Dr. Ellis described how these studies would look, based on his own evaluation of neoadjuvant endocrine therapy for ER+ cancer. “We start the endocrine drug, then rebiopsy the patient within a month, and if the tumor is still growing (Ki67 >10%), we triage to a different approach, perhaps chemotherapy. If the tumor is responding with a fall in the Ki67, we keep the patient on neoadjuvant endocrine therapy.”
“During neoadjuvant treatment, we also sequence the tumor, and if a mutation is present, we add a pathway inhibitor. In one trial, for example, we added an AKT inhibitor for patients who had a PIK3CA mutation and a CDK4/6 inhibitor for patients without this mutation,” he said. “Ideally, we would also screen tumors for markers for sensitivity to CDK4/6 inhibitors, like cyclin-D1 amplification. We are trying to learn, on a patient-by-patient basis, what the best recipe should be.”
“This is how breast cancer is going to look: smaller molecularly defined subsets,” he indicated. But since breast cancer is so common, these smaller subsets represent thousands of patients—3% to 4% of breast cancer produces as big a population as chronic myeloid leukemia, a disease in which there have been huge improvements in outcome.
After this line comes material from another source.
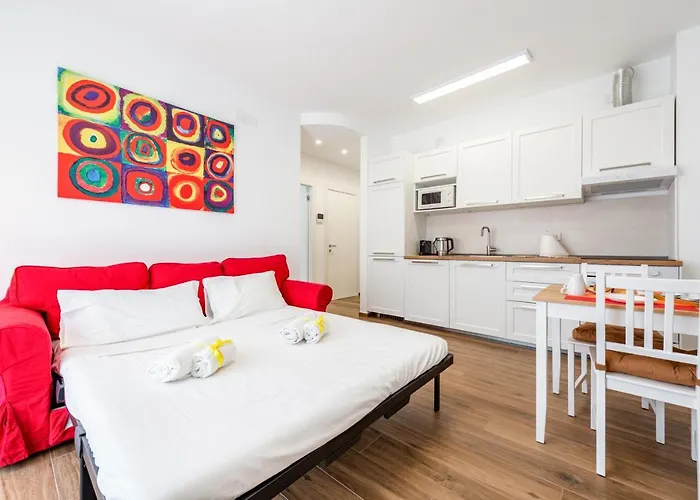 Guesthost - Station With Parking *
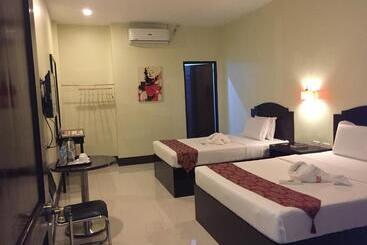 酒店 Hollywood Suites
Dr. Ellis acknowledged that many recurrent mutations are not yet actionable in the clinic, but their identification portends well for future treatment. “We are investigating what these abnormalities mean,” he said. “We don’t yet have evidence that you should look for these in practice. We are currently generating a picture of how deep molecular analysis in cancer can promote new therapeutic hypotheses and point to new explanations for why bad things happen.”
“The inescapable conclusion is there is much work to do,” he reiterated, “and my plea is that we need good science. We should not just order expensive panels and then wonder what to do with the results.”
“We are arguing for a systemic approach, and following leads with clinical trials when we understand the biology, we have developed an actionable test where we have done careful experiments to demonstrate how to treat each aberration effectively. By doing this, I believe we definitely will see improvements in patient outcomes in the near future.”